Word for word, restate all the records; images are not part of the copy.
-------- ENTRIES PROVIDED
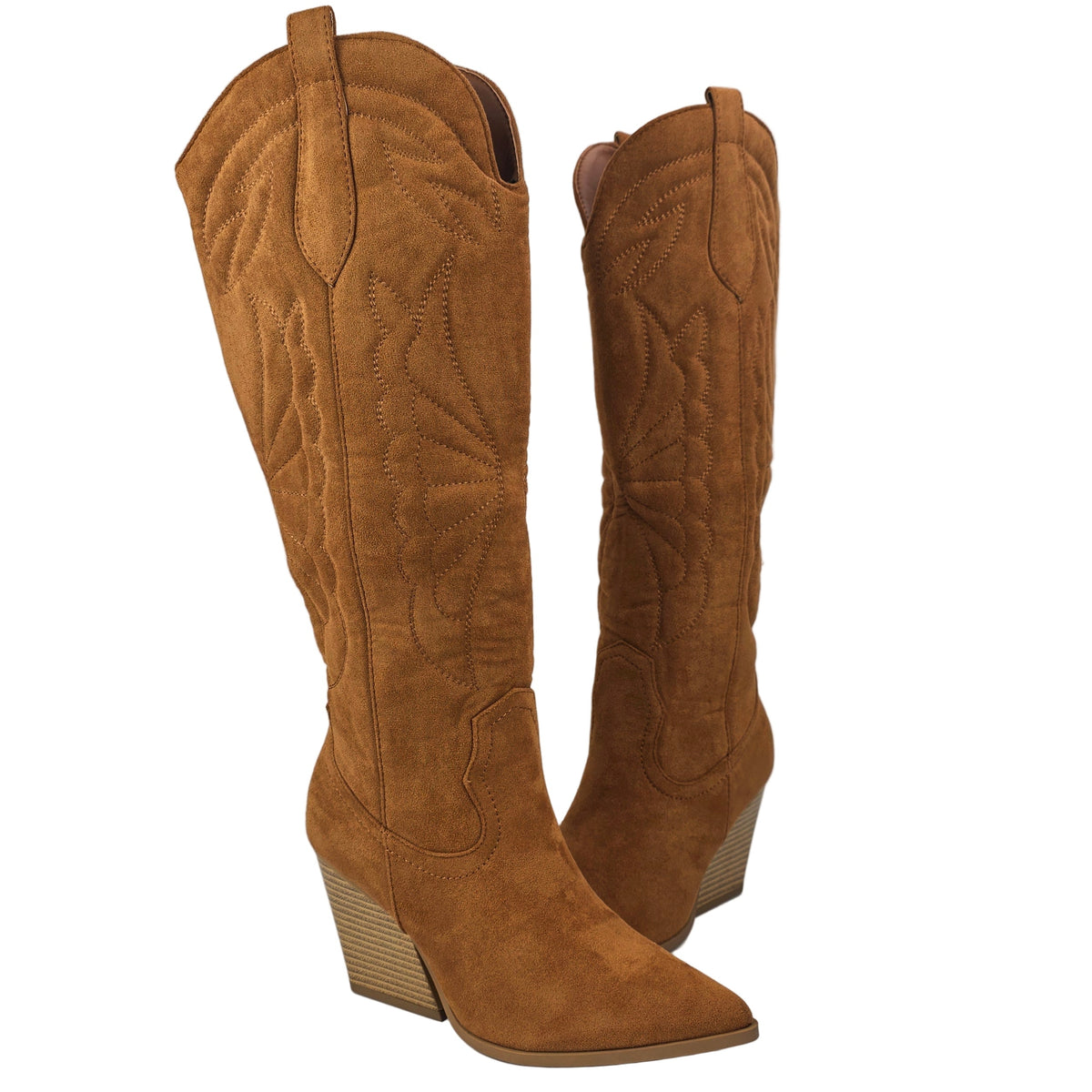 Botas Cowboy Altas Camel – Pasarela Concept
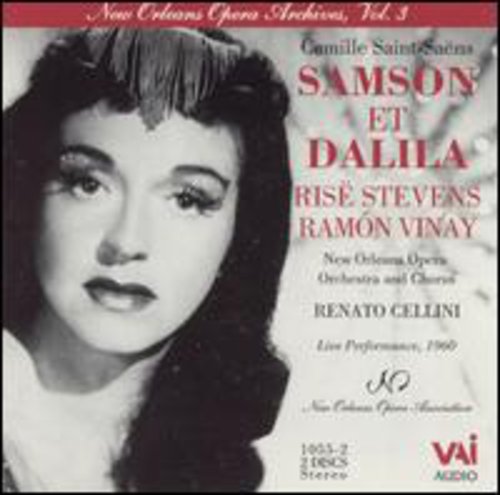 Saint-saens / Stevens / Vinay - Samson & Dalila - Music CD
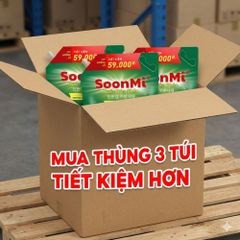 Nước rửa chén hương Quế Soonmi túi lớn 3.8L MK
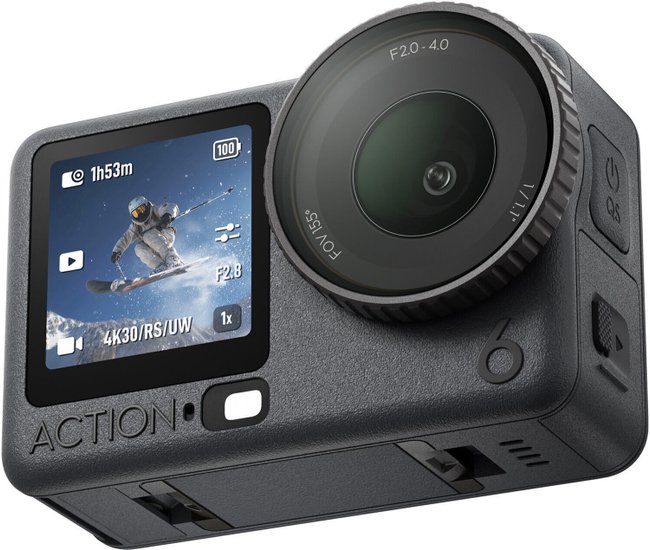 Экшн-камера DJI Osmo Action 6 Adventure Combo OA6J02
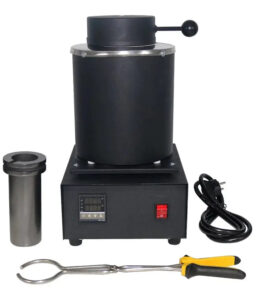 2KG Digital Gold Melting Furnace - 1400W. 2000F. 110V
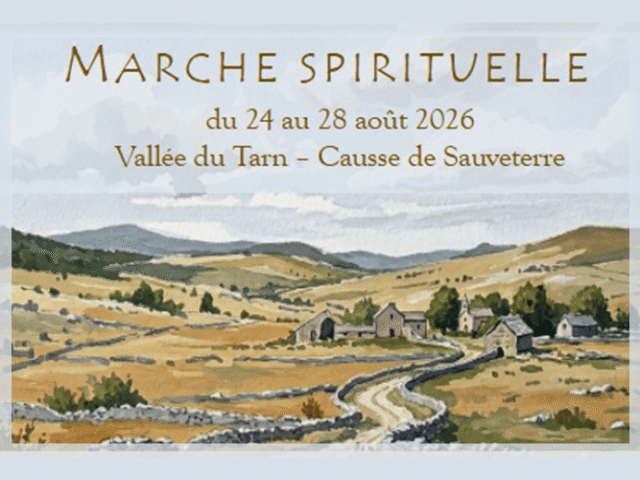 Marche Spirituelle en Lozère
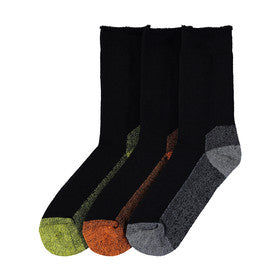 3 Pack Workwear Cotton Rich Socks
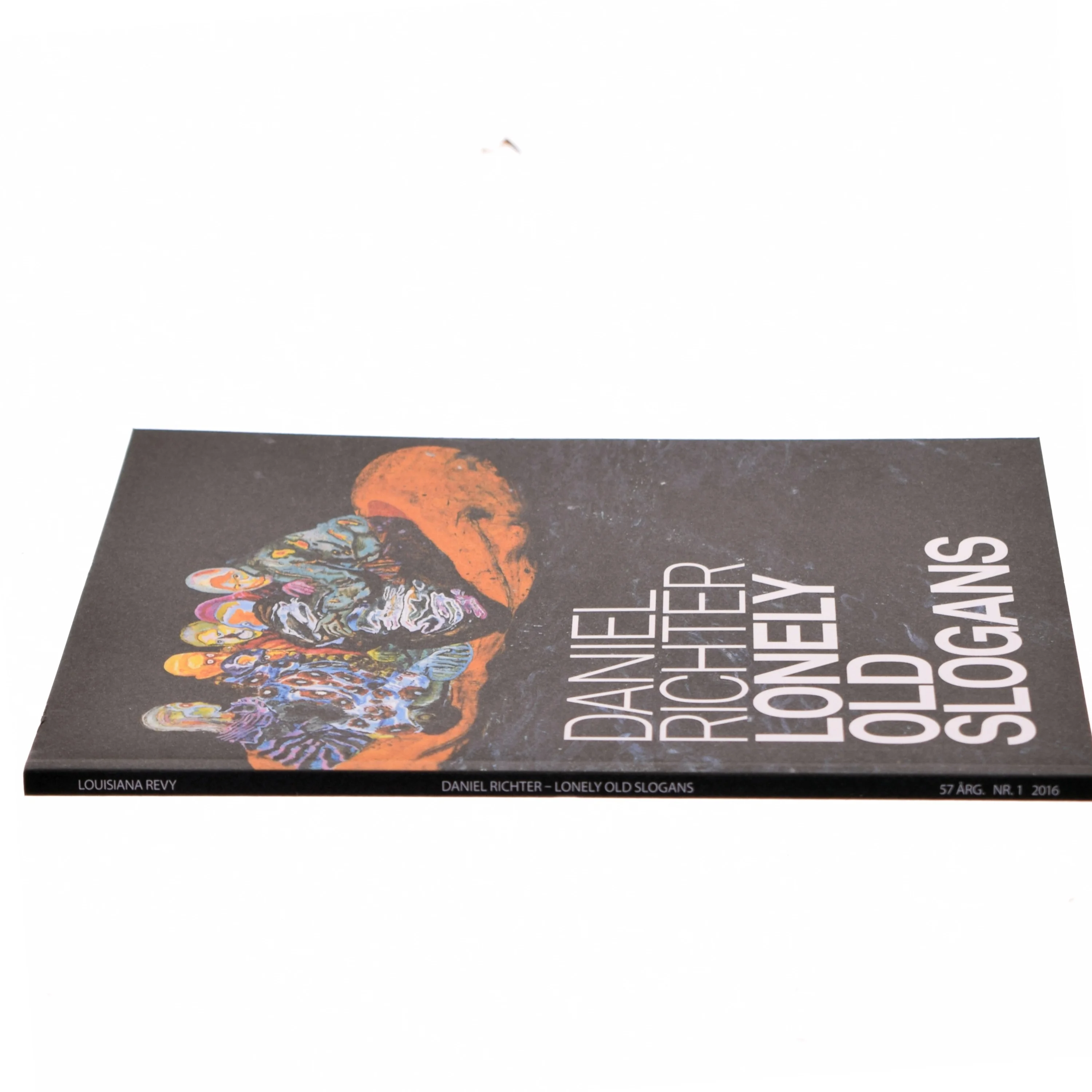 Daniel Richter udstillingskatalog fra Louisiana Museum of Modern Art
----------------
SOLVED EXERCISE:
 Botas Cowboy Altas Camel – Pasarela Concept
 Saint-saens / Stevens / Vinay - Samson & Dalila - Music CD
 Nước rửa chén hương Quế Soonmi túi lớn 3.8L MK
 Экшн-камера DJI Osmo Action 6 Adventure Combo OA6J02
 2KG Digital Gold Melting Furnace - 1400W. 2000F. 110V
 Marche Spirituelle en Lozère
 3 Pack Workwear Cotton Rich Socks
 Daniel Richter udstillingskatalog fra Louisiana Museum of Modern Art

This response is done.